Since my childhood obsession with flamenco, I have adored fans. Fans are effortlessly stylish, convey expression as well as being practical in the heat. I also have a life-long affair with Greenwich - I feel lucky to have been born in a leafy part of London rich in multilayered history. Based in a couple of Grade II listed 18th century townhouses, next to the immense Greenwich park, The Fan Museum satisfies two of my loves.
The only museum in the UK completely dedicated to fans, The Fan Museum provides a comprehensive guide to the materials and elaborate skills used to create these handheld accessories, from all over the world, spanning centuries. And, of course, the building and its countless exhibits are a treat for the eyes.
Apart from displaying fans from the past, including an exceptionally rare embroidered number from around the Elizabethan period, The Fan Museum also works towards reviving the disappearing craft of fan-making.
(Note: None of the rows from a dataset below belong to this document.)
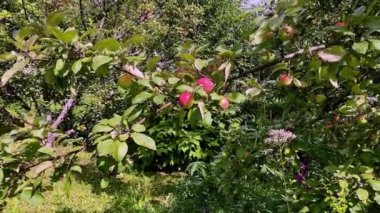 Yaz bahçesindeki ağaçta elmalar.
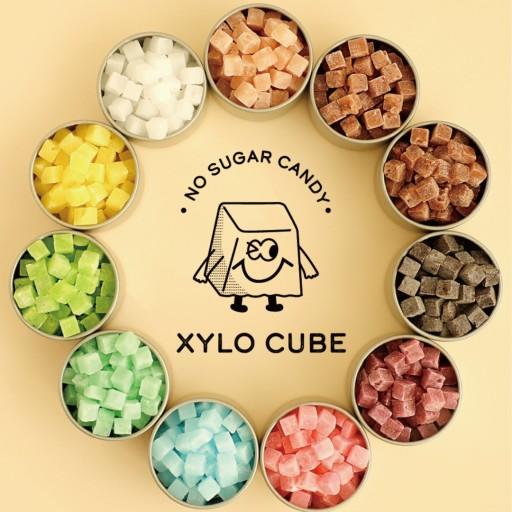 🌼1+1 구성🌼무설탕 자일로큐브 캔디 2통 140g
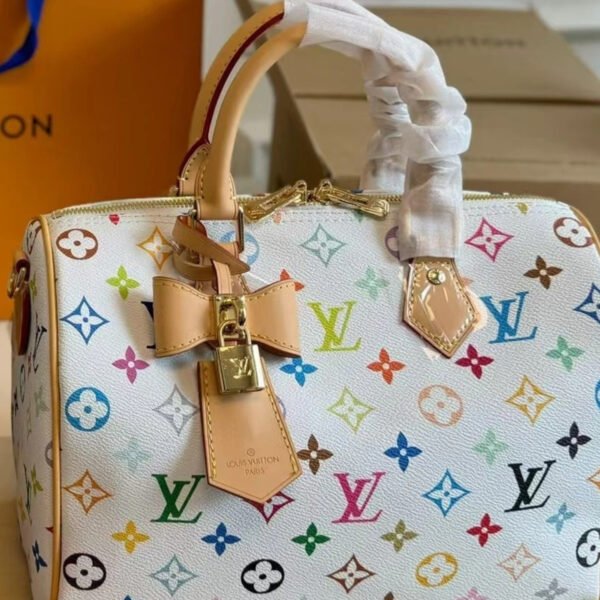 Louis Vuitton Speedy Pillow Bag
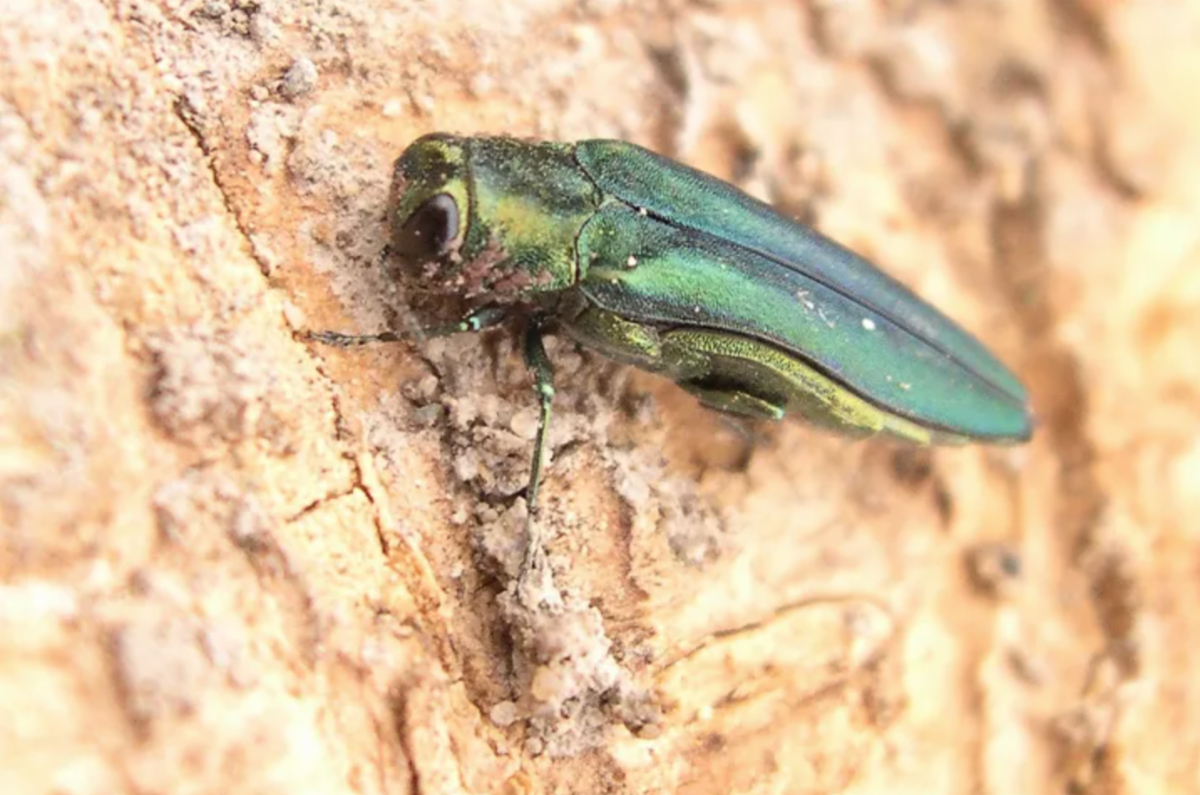 emerald ash borer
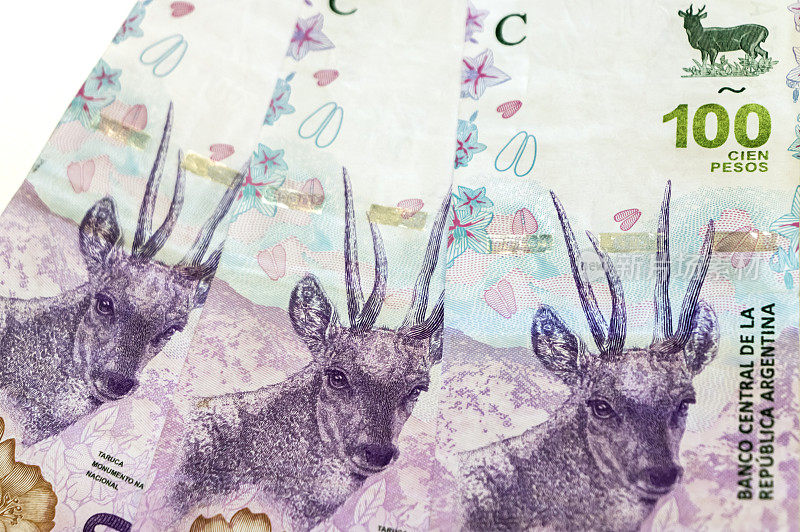 阿根廷钞票上印着本地受保护物种“塔鲁卡”潘帕斯草原上的鹿。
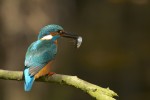 Ijsvogel op jacht in de Tienhovense plassen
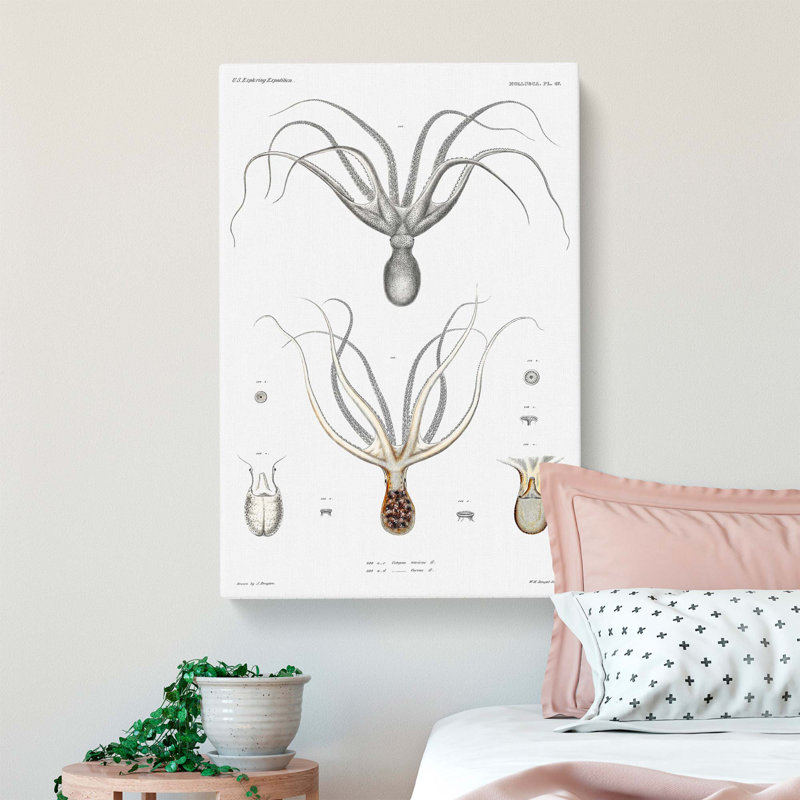 Octopus Illustration by A.A. Gould - Wrapped Canvas, 60cm H x 40cm W x 3cm D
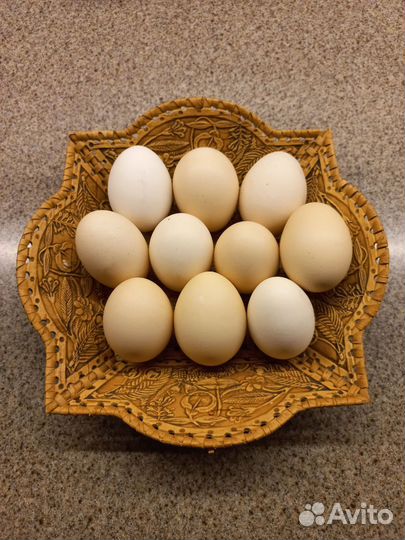 Яйцо куриное домашнее деревенское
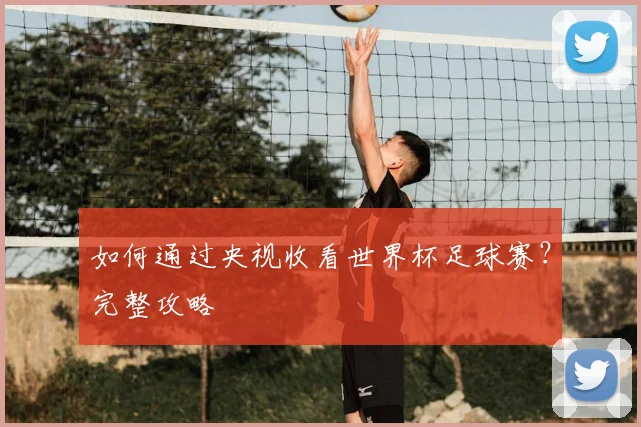 如何通过央视收看世界杯足球赛?完整攻略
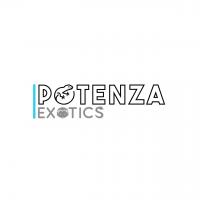Potenza Exotics, LLC Logo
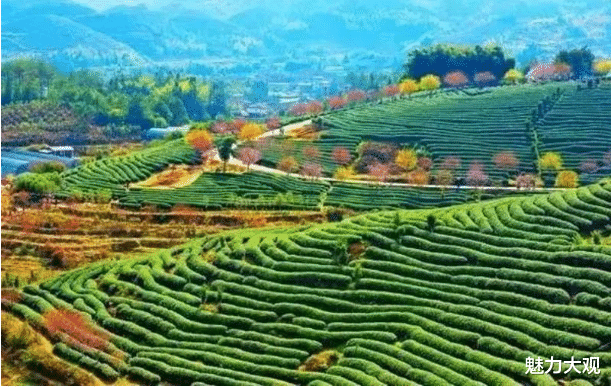 梯田|航拍角度下的大美中国,领略那些上帝视角下我们没有见过的景观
Workshops are frequently hosted and recent campaigns include a collaboration between street artists and a leading fan maker.
The first floor has changing exhibitions. Until the 23rd of September, A Bird In The Hand showcases all things feathery ranging from the museum’s oldest item - a Peruvian fan circa 10-11th century with moulted and dyed macaw feathers - to the decadence of a game bird ensemble previously owned by a 20th century Lido showgirl.
With its passion for beauty, detail and preservation, The Fan Museum embodies the spirit of historical Greenwich, that locals and visitors love, combined with a touch of glamour.